Among the lines below, which ones contain the word "Western"? Copy every such line.

Raw data: Begin

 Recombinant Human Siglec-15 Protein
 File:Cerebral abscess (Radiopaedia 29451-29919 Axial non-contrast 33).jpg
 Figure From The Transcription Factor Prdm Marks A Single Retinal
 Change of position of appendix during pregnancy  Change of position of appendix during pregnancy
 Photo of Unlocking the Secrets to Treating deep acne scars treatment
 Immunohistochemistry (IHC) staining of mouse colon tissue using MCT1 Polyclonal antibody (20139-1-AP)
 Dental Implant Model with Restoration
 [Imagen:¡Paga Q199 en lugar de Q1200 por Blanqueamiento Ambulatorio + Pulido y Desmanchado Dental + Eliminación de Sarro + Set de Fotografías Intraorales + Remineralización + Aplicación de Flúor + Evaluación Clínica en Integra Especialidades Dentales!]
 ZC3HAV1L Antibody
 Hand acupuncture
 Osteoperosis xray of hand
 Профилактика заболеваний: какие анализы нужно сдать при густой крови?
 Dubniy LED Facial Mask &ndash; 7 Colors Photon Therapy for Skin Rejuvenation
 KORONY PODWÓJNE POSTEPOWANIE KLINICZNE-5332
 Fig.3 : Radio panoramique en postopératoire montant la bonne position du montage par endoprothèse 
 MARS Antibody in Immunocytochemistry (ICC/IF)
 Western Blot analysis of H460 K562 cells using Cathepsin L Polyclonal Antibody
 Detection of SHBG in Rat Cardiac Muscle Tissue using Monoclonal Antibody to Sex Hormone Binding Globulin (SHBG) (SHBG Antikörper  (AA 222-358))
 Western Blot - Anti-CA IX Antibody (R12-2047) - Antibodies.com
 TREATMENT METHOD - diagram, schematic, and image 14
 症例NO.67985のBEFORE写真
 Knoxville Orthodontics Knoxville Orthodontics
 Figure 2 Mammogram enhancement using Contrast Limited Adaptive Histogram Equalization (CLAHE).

Raw data: End

- **Task solution**:
 Western Blot analysis of H460 K562 cells using Cathepsin L Polyclonal Antibody
 Western Blot - Anti-CA IX Antibody (R12-2047) - Antibodies.com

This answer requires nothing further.